Line 237:13: W503 line break before binary operator
Line 238:13: W503 line break before binary operator

In the file biopandas/pdb/pandas_pdb.py:

Line 250:13: W503 line break before binary operator
Line 251:13: W503 line break before binary operator
Line 315:22: E701 multiple statements on one line (colon)
Line 315:22: E231 missing whitespace after ':'
Line 315:23: E225 missing whitespace around operator
Line 315:23: E999 SyntaxError: invalid syntax
Line 325:17: W503 line break before binary operator
Line 326:17: W503 line break before binary operator
Line 327:17: W503 line break before binary operator
Line 332:17: W503 line break before binary operator
Line 333:17: W503 line break before binary operator
Line 334:17: W503 line break before binary operator
Line 382:60: E203 whitespace before ':'
Line 627:89: E501 line too long (96 > 88 characters)
Line 654:21: W503 line break before binary operator
Line 669:21: W503 line break before binary operator
Line 683:21: W503 line break before binary operator

Comment last updated at 2022-05-11 23:21:47 UTC

review-notebook-app · 2022-04-28T14:04:48Z

Check out this pull request on

See visual diffs & provide feedback on Jupyter Notebooks.

Powered by ReviewNB

rasbt

Thanks a lot for the PR, looks great!

rasbt · 2022-05-01T14:35:05Z

biopandas/pdb/pandas_pdb.py

@@ -5,23 +5,27 @@
 # License: BSD 3 clause
 # Project Website: http://rasbt.github.io/biopandas/
 # Code Repository: https://github.com/rasbt/biopandas
+from __future__ import annotations


I don't think this is necessary. I think type annotations were introduced in Python 3.6. If someone has an older version of Python, they won't be able to run it anyways because of the f-strings?

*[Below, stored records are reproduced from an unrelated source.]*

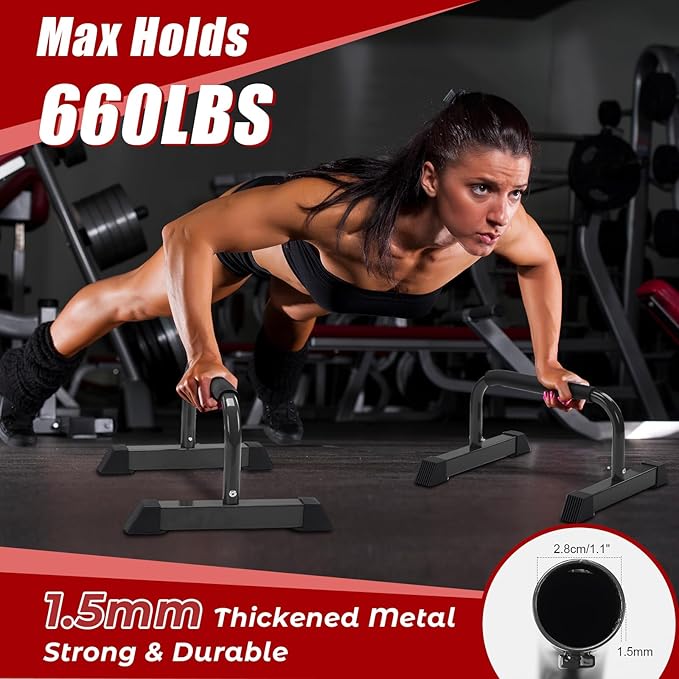 Push Up Bars: Sweat-resistant Parallettes Bar for Handstands L-sit & Dip, No Wobbling Strength Training Pushup Stands for Women Men Workout Core Exercise at Home Floor Gym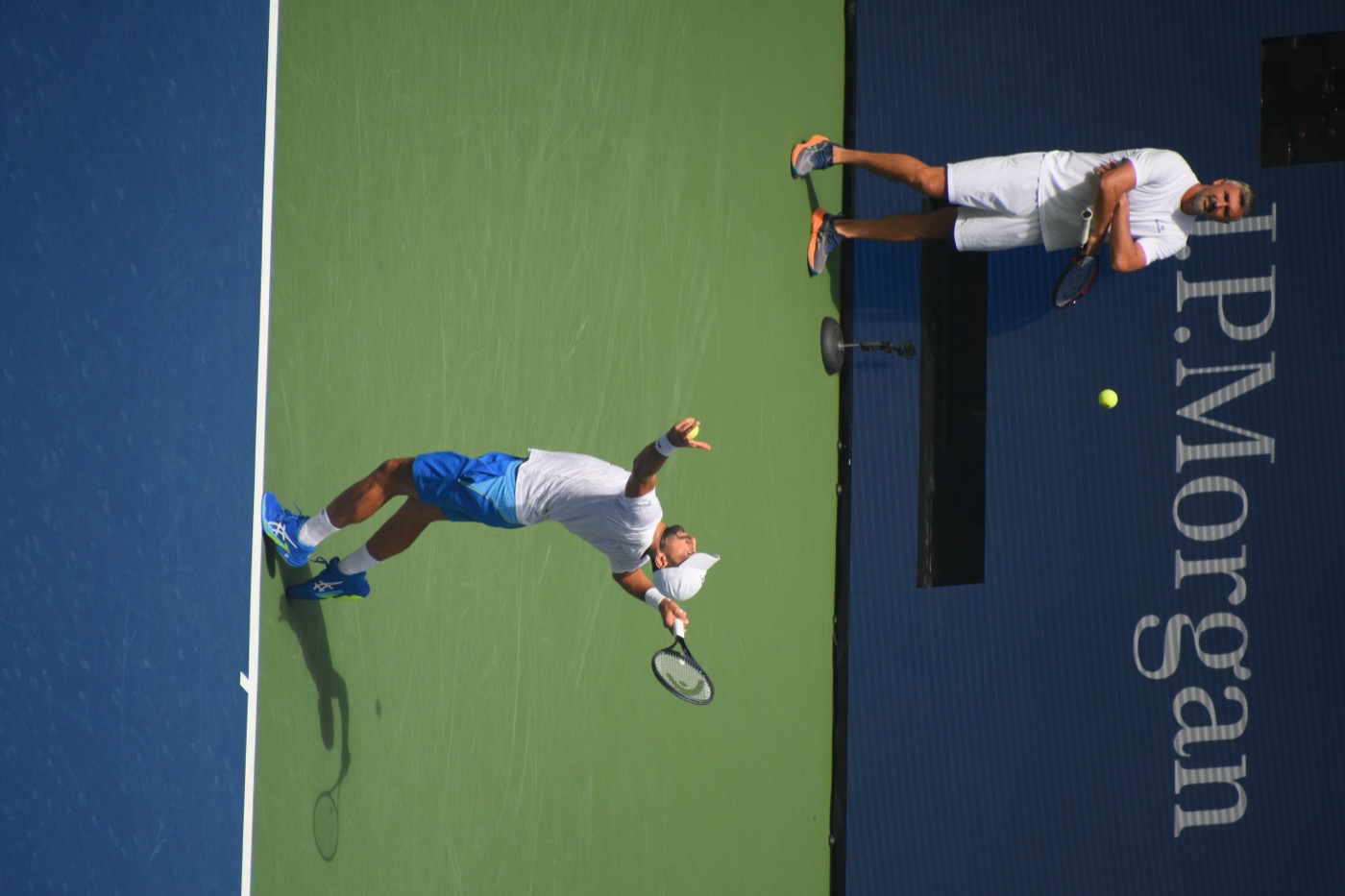 Novak Djokovic practicing at the 2023 US Open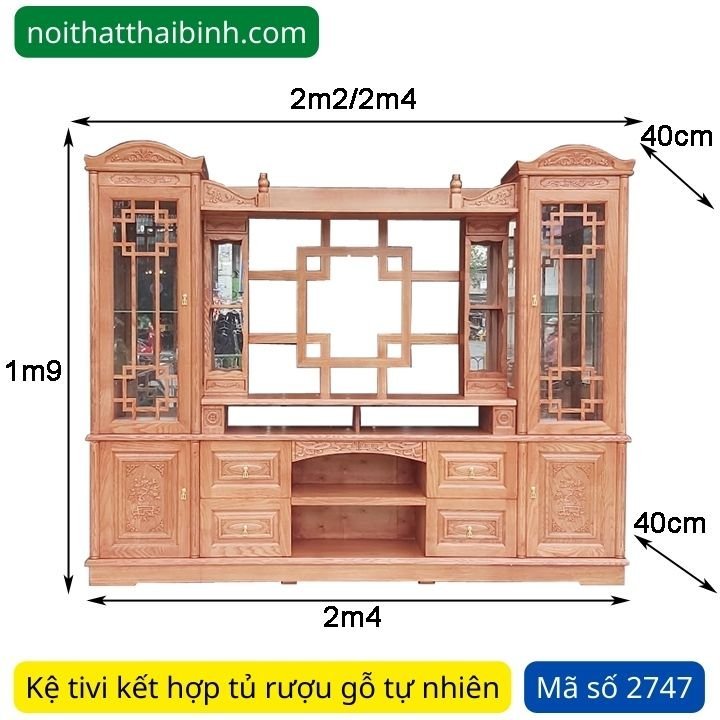 Kệ tivi gỗ kết hợp tủ trang trí MS 2747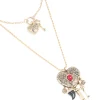 Antique Gold Double Heart Layered Necklace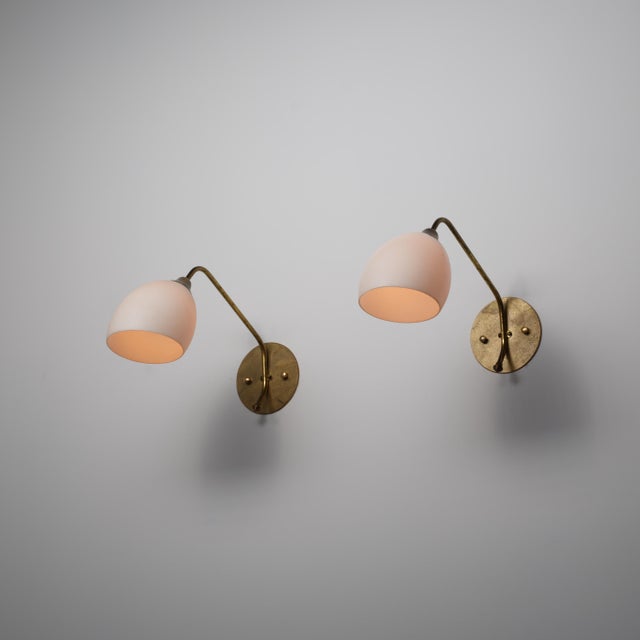 Large Vintage Italian Brass and Opaline Glass Wall Sconces, 1950s, Set of 2 For Sale - Image 11 of 14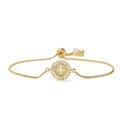Macro-opname van verstelbare vergulde armband met zirkoon kruisschijf en baguette stenen - Rond Kruis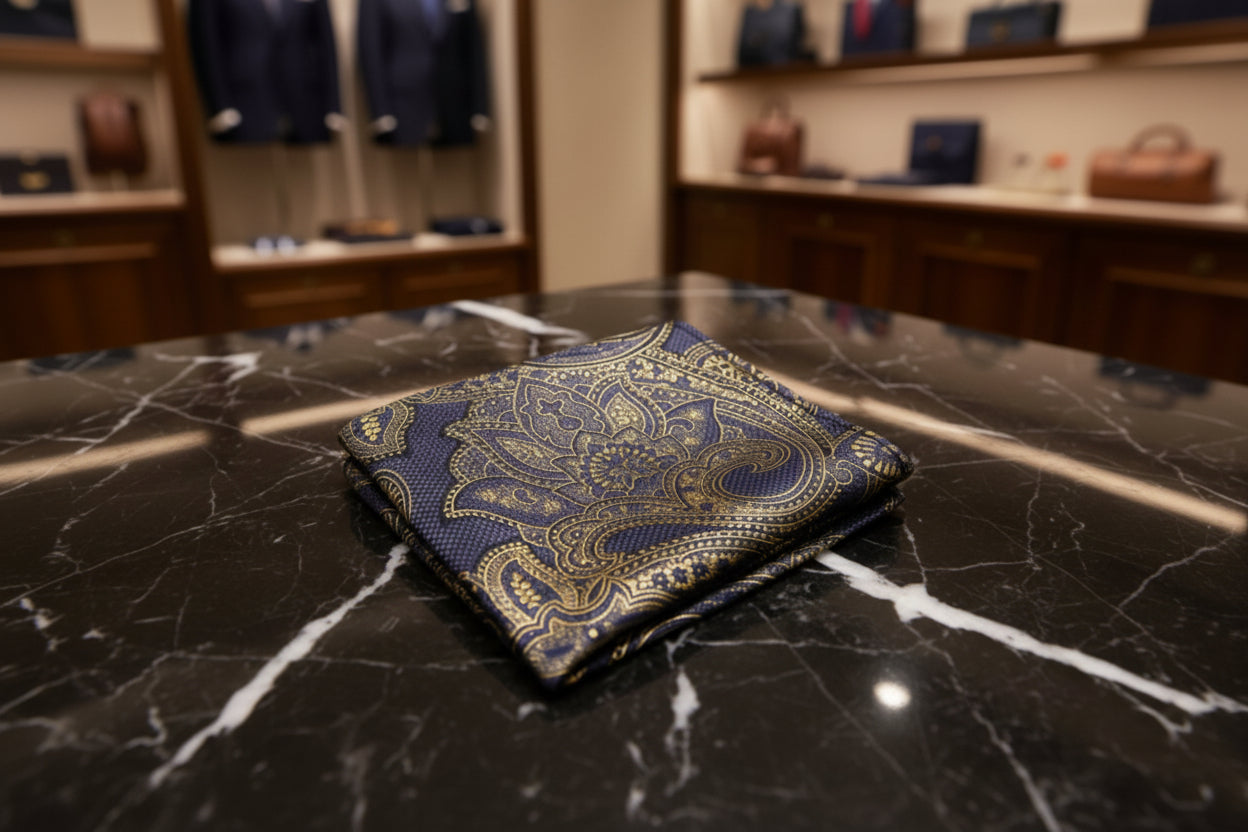 Deep Grey, Gold Paisley Pocket Square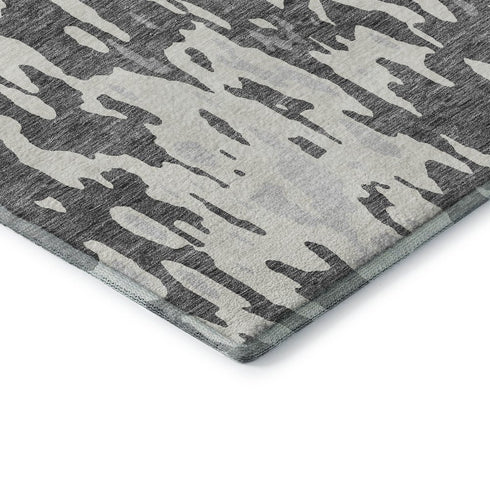 8' X 10' Gray Ivory And Silver Abstract Washable Area Rug With UV Protection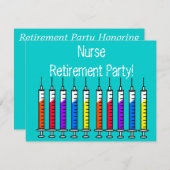 ナースリタイアメントパーティの招待状シリンゲスデザイン 招待状 (正面/裏面)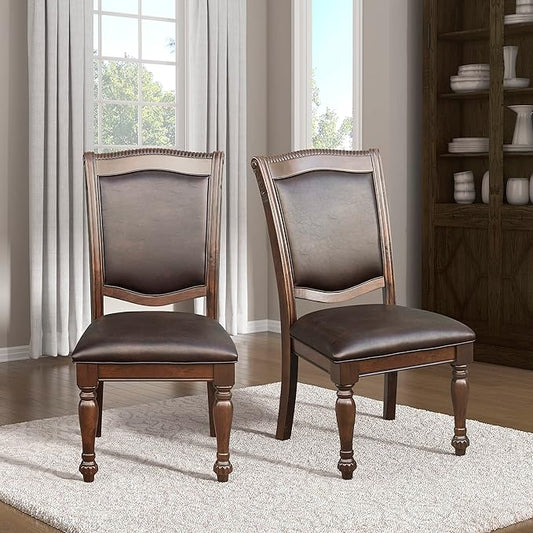 Lordsburg Dining Room Chairs Set of 2, Classic Traditional Dining Chairs For Kitchen, Solid Wood Frame, Solid Back, Armless Side, Cherry Finish, Dark Brown Faux Leather Upholstery, Easy Assembly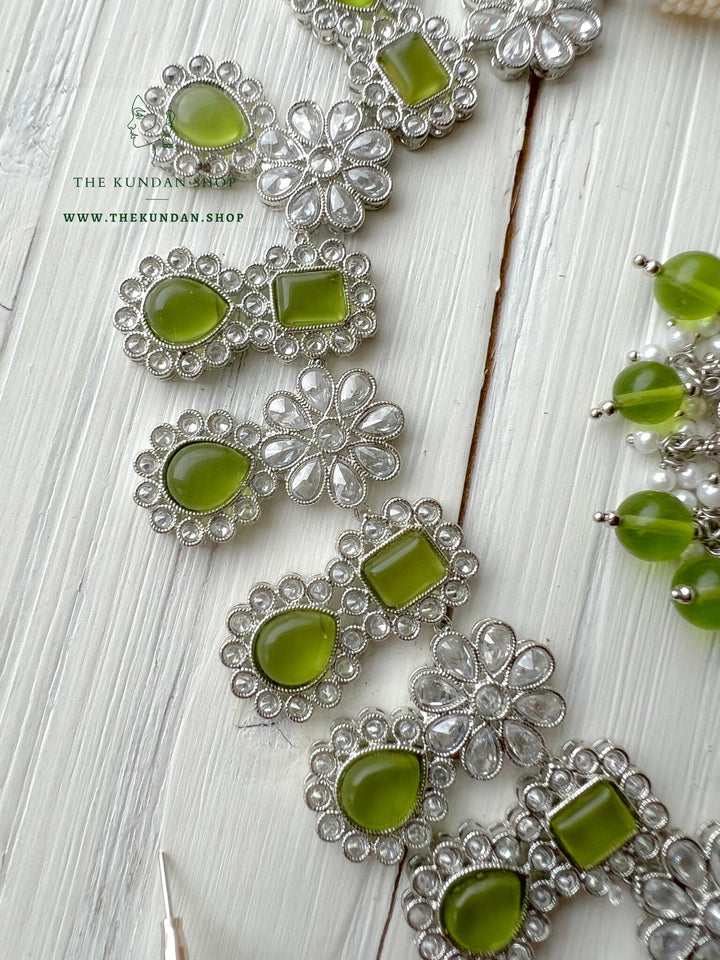 Heavenly Silver in Mehendi Green Necklace Sets THE KUNDAN SHOP 
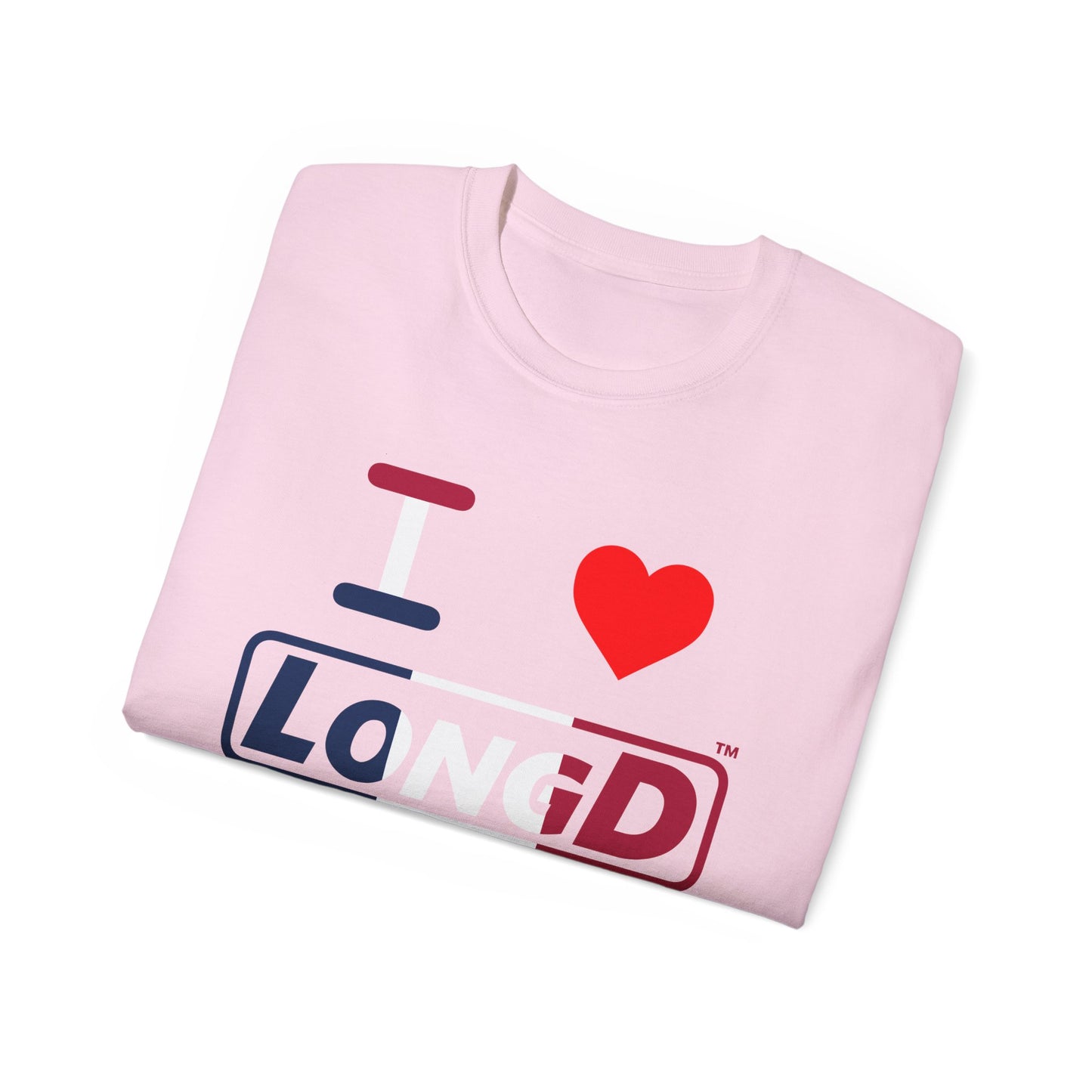 I Luv LongD® Logo Cotton Tee Blue, White and Red positive thirds text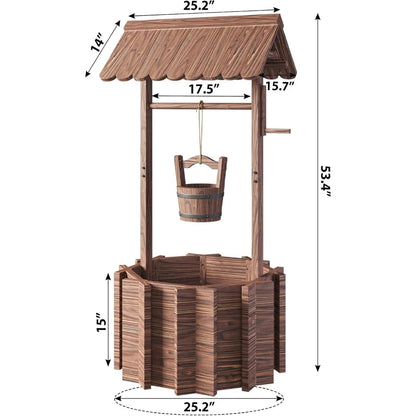 Outdoor Wooden Wishing Well Planter with Hanging Bucket for Flower and Plants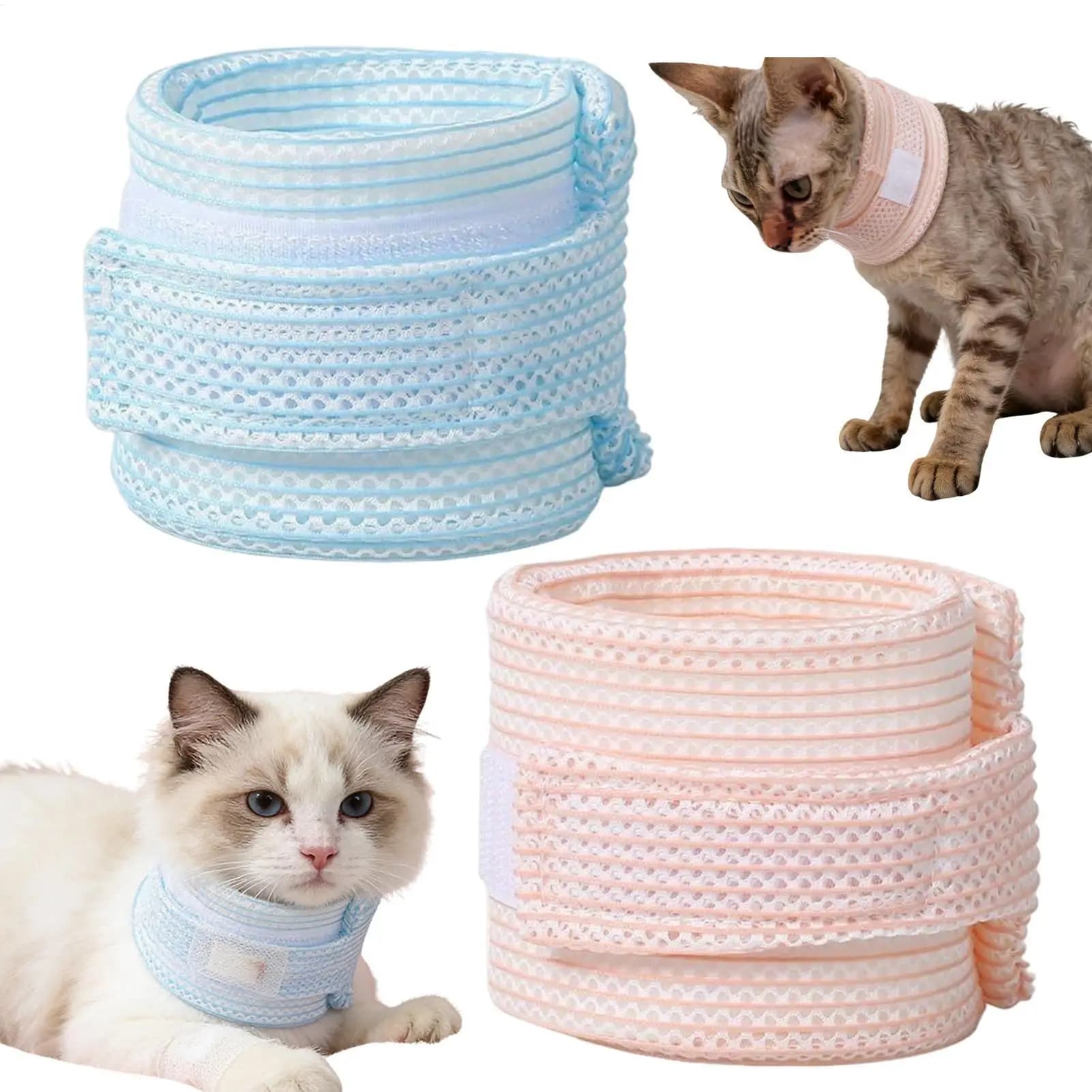 Collare Protettivo per Cani e Gatti, Traspirante, Confortevole, Anti-Graffio, Regolabile, Morbido Cuscino Cervicale
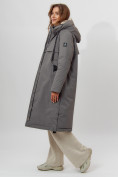 Купить Пальто утепленное женское зимние серого цвета 112205Sr, фото 3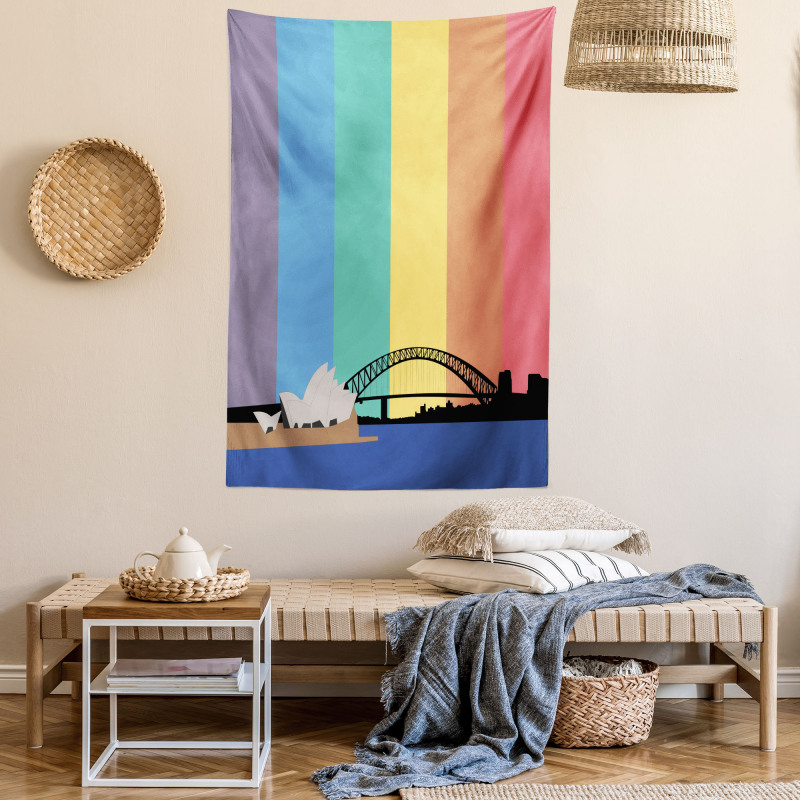 Sydney Building on Rainbow Tapestry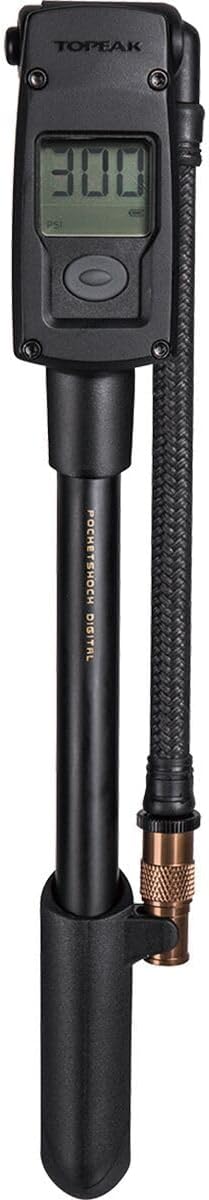 Topeak PocketShock Digital Shock Pump with 300 PSI Digital Gauge, Pressure-Rite Connector, and Air Release Button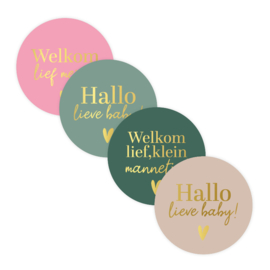 Stickerset: Welkom lief/lieve + hart (4 varianten)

No worries, I can take care of removing it.

a-r-j · 2022-05-01T14:39:21Z

biopandas/pdb/pandas_pdb.py

+            df.df["ANISOU"] = df.df["ANISOU"].loc[df.df["ANISOU"]["model_id"] == model_index]
+        return df
+
+    def get_models(self, model_indices: List[int]) -> PandasPdb:


I thin the from future import annotations is required from this type hint (i didn't want to hassle with defining a typevar - if you remove the import I think this needs to be removed too.

I see. Let's leave it then

a-r-j · 2022-05-01T14:39:34Z

biopandas/pdb/pandas_pdb.py

+            self.df["ANISOU"]["model_id"] = idx_map
+        return self
+
+    def get_model(self, model_index: int) -> PandasPdb:


a-r-j · 2022-05-01T14:51:05Z

Ooh, before you merge it might be worth checking out how to provide a more informative error for structures that only contain a single structure.

Eg

from biopandas.pdb import PandasPdb

df = PandasPdb().fetch_pdb('3eiy')

a = df.get_model_start_end()

returns an empty df

and so df.get_model(1)

results in:

---------------------------------------------------------------------------
IndexError                                Traceback (most recent call last)
/home/atj39/github/biopandas/dev.ipynb Cell 3' in <cell line: 1>()
----> [1](vscode-notebook-cell:/home/atj39/github/biopandas/dev.ipynb#ch0000017?line=0) df.get_model(1)

File ~/github/biopandas/biopandas/pdb/pandas_pdb.py:647, in PandasPdb.get_model(self, model_index)
    [634](file:///home/atj39/github/biopandas/biopandas/pdb/pandas_pdb.py?line=633) """Returns a new PandasPDB object with the dataframes subset to the given model index.
    [635](file:///home/atj39/github/biopandas/biopandas/pdb/pandas_pdb.py?line=634) 
    [636](file:///home/atj39/github/biopandas/biopandas/pdb/pandas_pdb.py?line=635) Parameters
   (...)
    [643](file:///home/atj39/github/biopandas/biopandas/pdb/pandas_pdb.py?line=642) pandas_pdb.PandasPdb : A new PandasPdb object containing the structure subsetted to the given model.
    [644](file:///home/atj39/github/biopandas/biopandas/pdb/pandas_pdb.py?line=643) """
    [646](file:///home/atj39/github/biopandas/biopandas/pdb/pandas_pdb.py?line=645) df = deepcopy(self)
--> [647](file:///home/atj39/github/biopandas/biopandas/pdb/pandas_pdb.py?line=646) df.label_models()
    [649](file:///home/atj39/github/biopandas/biopandas/pdb/pandas_pdb.py?line=648) if "ATOM" in df.df.keys():
    [650](file:///home/atj39/github/biopandas/biopandas/pdb/pandas_pdb.py?line=649)     df.df["ATOM"] = df.df["ATOM"].loc[df.df["ATOM"]["model_id"] == model_index]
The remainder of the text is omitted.